Ontem, ao encerrar sua jornada de quase quatro décadas no Jornal Nacional, William Bonner fez muito mais do que um simples anúncio de despedida: ele ofereceu uma lição de vida. Com seu tom sempre ponderado e uma humanidade rara no jornalismo que ele ajudou a transformar, Bonner revelou que há grandeza no ato de saber parar, de reconhecer que ciclos se encerram. E que isso não é um fim, mas uma escolha.


Desde 1986, quando assumiu a bancada do JN, William redefiniu o que significava estar à frente do maior telejornal do Brasil. Ele nunca se deixou seduzir pelo papel do "âncora opinativo" que tantas vezes vemos em outros modelos mundo afora. Sua linha era clara: o rigor do jornalismo, a verdade factual em primeiro lugar. E, no entanto, sua sobriedade se transformou ao longo dos anos. Aquele homem que parecia inalcançável nos anos 90, representando uma Globo rígida e formal, tornou-se alguém próximo, empático.
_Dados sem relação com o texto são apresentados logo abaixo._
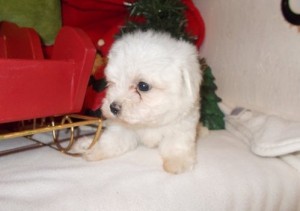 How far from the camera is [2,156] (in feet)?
A: 3.70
Talvez tenha sido a maturidade profissional ou o próprio mundo que pedia isso, mas Bonner foi uma ponte entre a notícia e a humanidade que a acompanha. Na despedida, ficou claro que ele aprendeu a ouvir não só a audiência, mas a si mesmo.


A emoção que transbordou em suas palavras não era ensaiada. Ele deu lugar ao homem por trás da lenda. O pai que educou os filhos, o profissional que conquistou tudo o que ambicionava, o jornalista que ainda sente paixão pela reportagem. Ele se despedia do posto de editor-chefe, mas não do ofício, porque, como ele mesmo deixou antever, sua missão agora é outra. Fará reportagens especiais no Globo Repórter, ao melhor estilo Glória Maria, e trará, ao lado de antigos companheiros como Sandra Annemberg, a leveza de quem pode escolher o trabalho, e não ser consumido por ele.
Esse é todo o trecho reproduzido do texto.